> _Task to complete_:
Output only the lines from the line holding "Hair Company DOUBLE ACTION" through the close of the records, exactly as they appear, with all pictures omitted.

────────────────

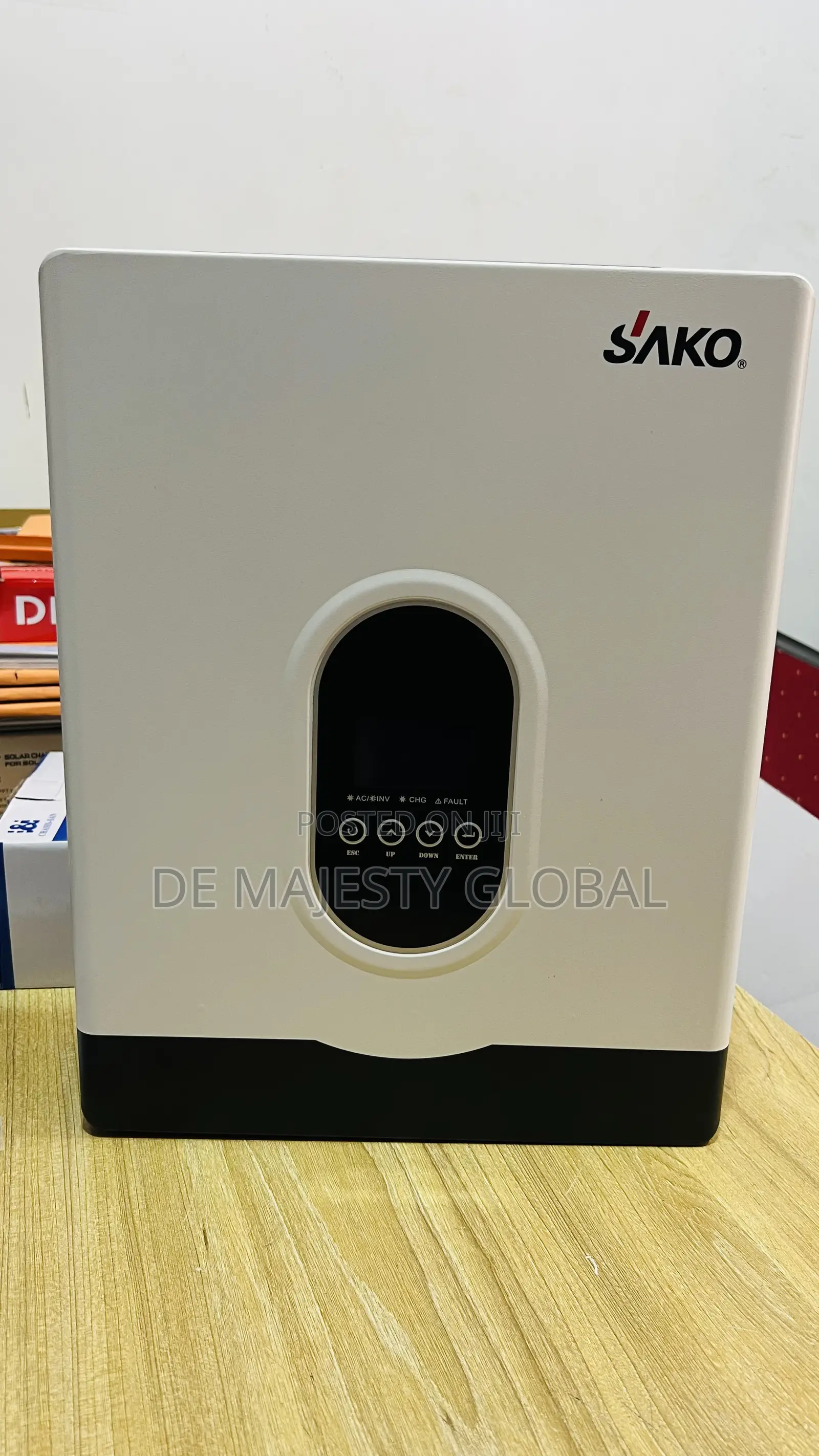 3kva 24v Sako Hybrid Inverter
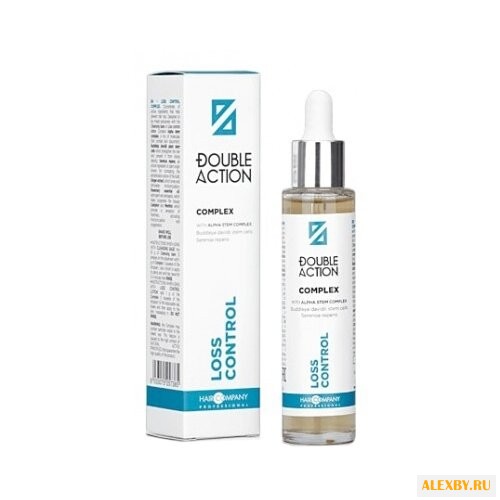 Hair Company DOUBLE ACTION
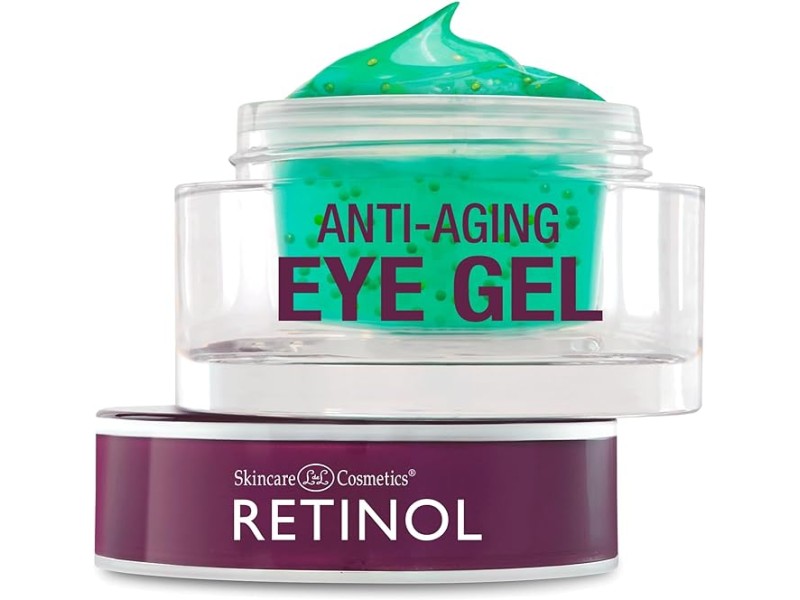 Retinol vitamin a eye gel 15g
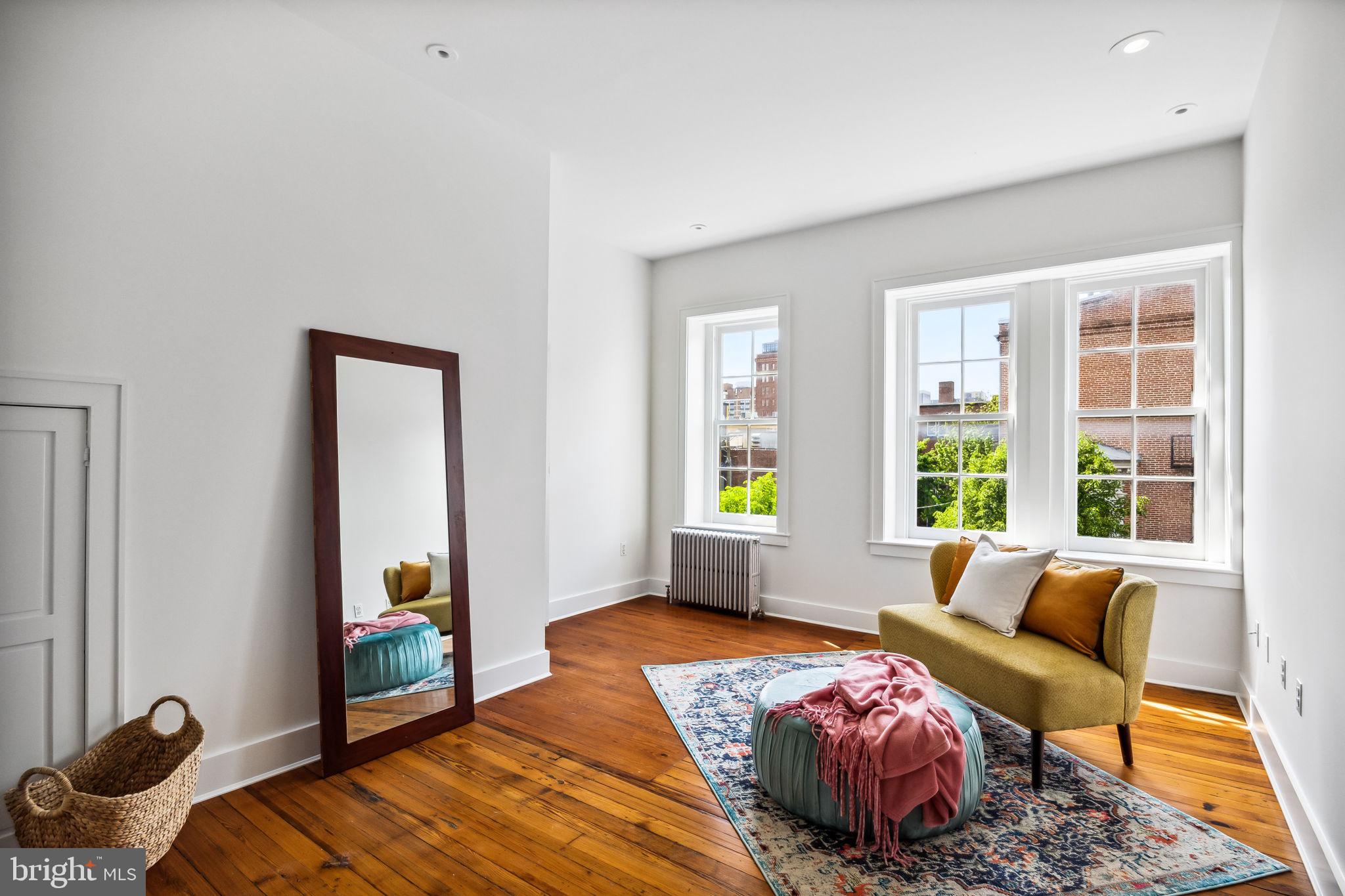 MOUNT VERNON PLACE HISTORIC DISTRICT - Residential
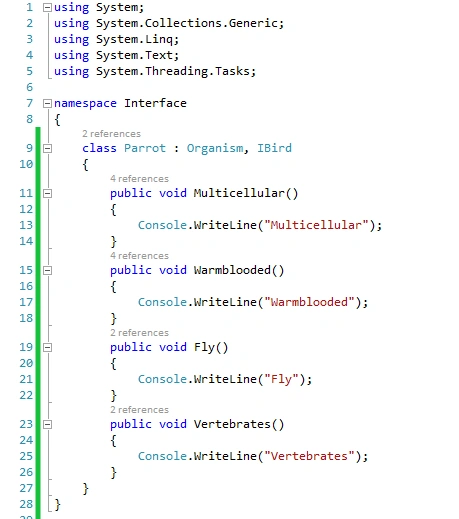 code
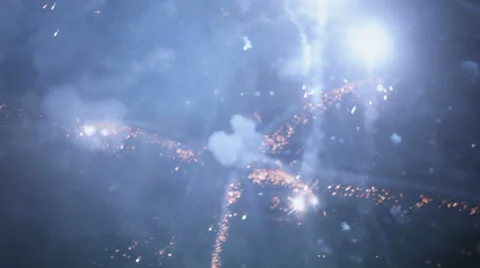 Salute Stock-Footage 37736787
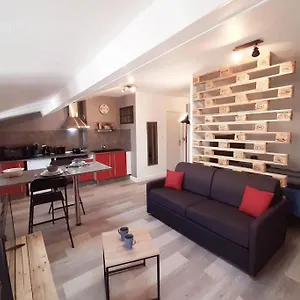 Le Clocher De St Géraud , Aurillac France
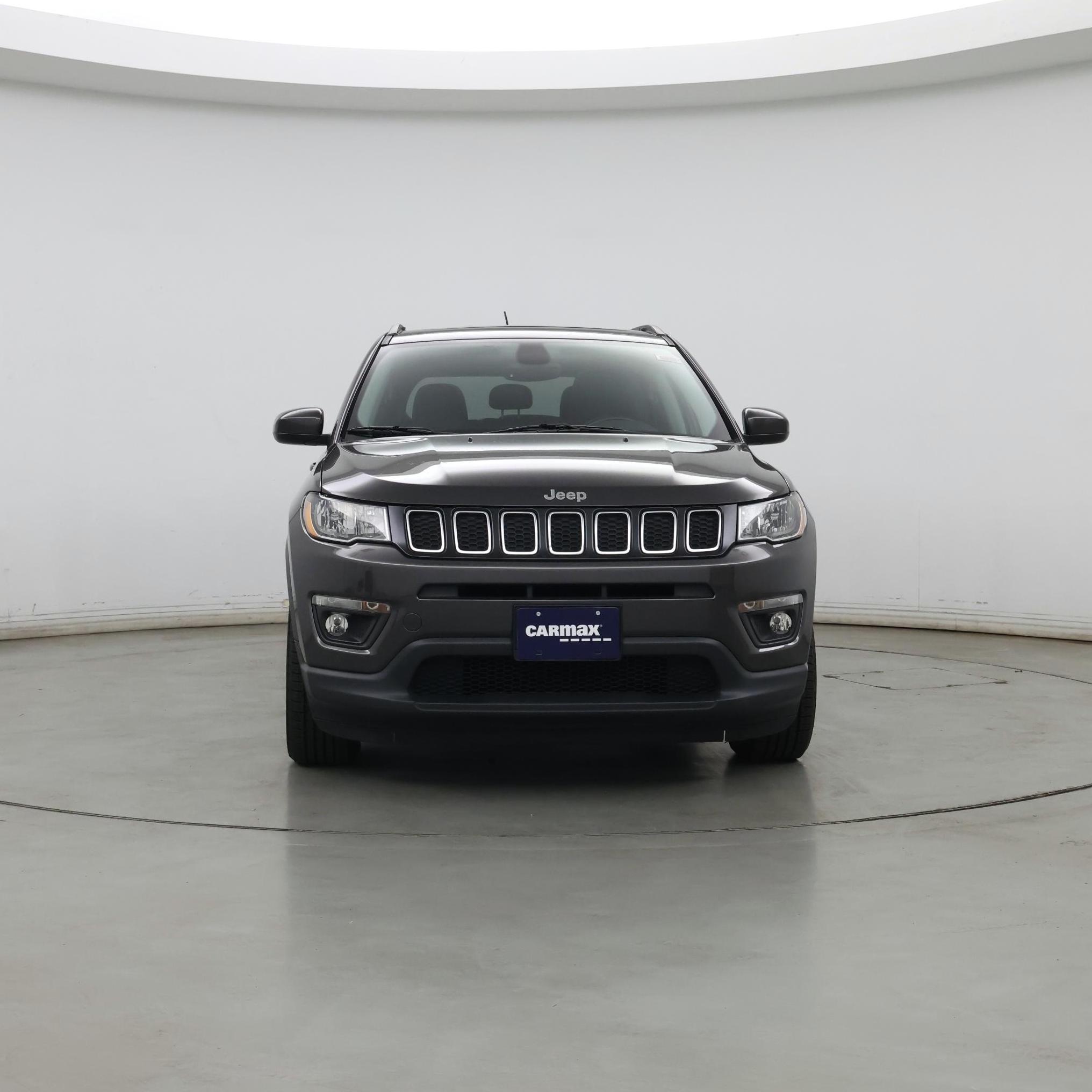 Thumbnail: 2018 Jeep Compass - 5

────────────────

> _Task result_:
 Hair Company DOUBLE ACTION
 Retinol vitamin a eye gel 15g
 MOUNT VERNON PLACE HISTORIC DISTRICT - Residential
 code
 Salute Stock-Footage 37736787
 Le Clocher De St Géraud , Aurillac France
 Thumbnail: 2018 Jeep Compass - 5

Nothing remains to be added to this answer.